EXERCISE REQUIREMENTS ▸
Once the line containing "Image 1 : 2002" is found in the data below, repeat it and every later line exactly, leaving the pictures out.

EXERCISE DATA ▸
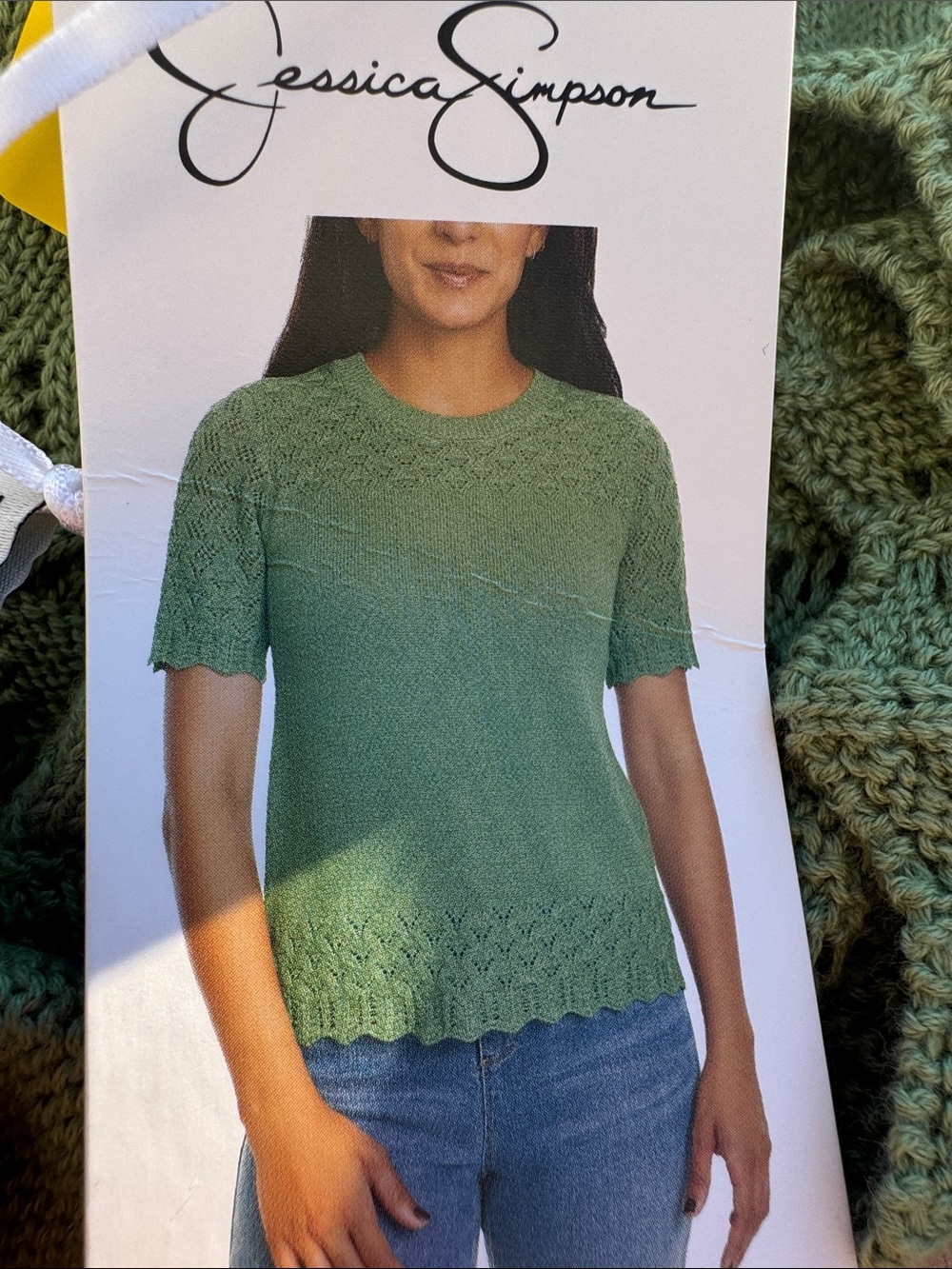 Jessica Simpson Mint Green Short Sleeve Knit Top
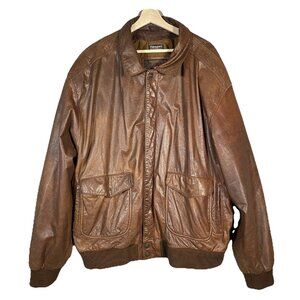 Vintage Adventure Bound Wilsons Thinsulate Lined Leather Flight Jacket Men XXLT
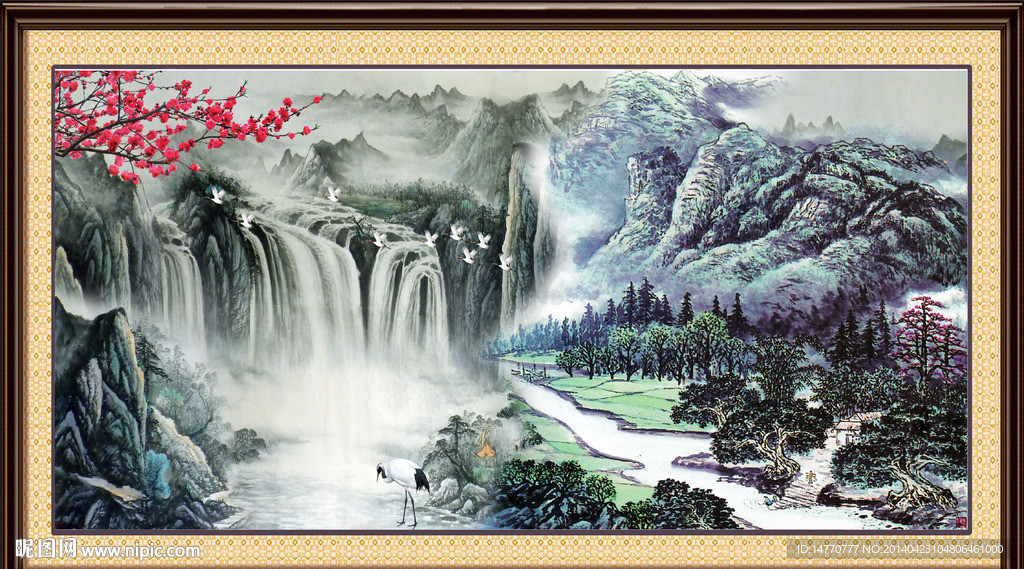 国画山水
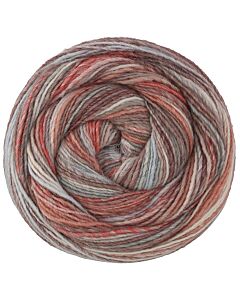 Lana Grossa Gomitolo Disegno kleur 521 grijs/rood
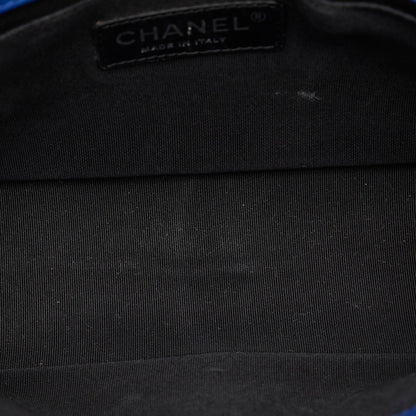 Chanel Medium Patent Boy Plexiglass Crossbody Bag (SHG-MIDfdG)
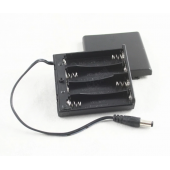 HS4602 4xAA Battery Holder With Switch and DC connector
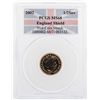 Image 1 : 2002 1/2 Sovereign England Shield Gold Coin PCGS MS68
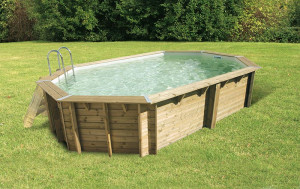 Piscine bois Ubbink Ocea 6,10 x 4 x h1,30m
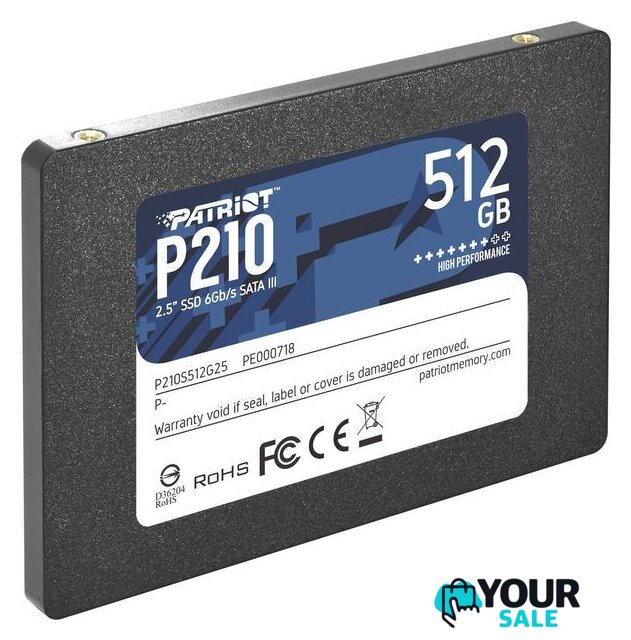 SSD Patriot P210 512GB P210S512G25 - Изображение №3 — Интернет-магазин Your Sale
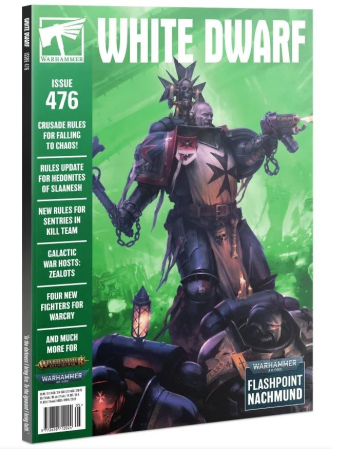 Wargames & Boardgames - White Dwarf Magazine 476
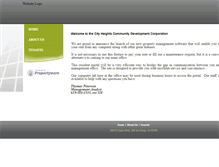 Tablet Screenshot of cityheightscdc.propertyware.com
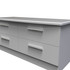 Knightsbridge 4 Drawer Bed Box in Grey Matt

THE COMPLETED TASK ▸
 Image 1 : 2002 1/2 Sovereign England Shield Gold Coin PCGS MS68
 Piscine bois Ubbink Ocea 6,10 x 4 x h1,30m
 SSD Patriot P210 512GB P210S512G25 - Изображение №3 — Интернет-магазин Your Sale
 Wargames & Boardgames - White Dwarf Magazine 476
 Tablet Screenshot of cityheightscdc.propertyware.com
 Knightsbridge 4 Drawer Bed Box in Grey Matt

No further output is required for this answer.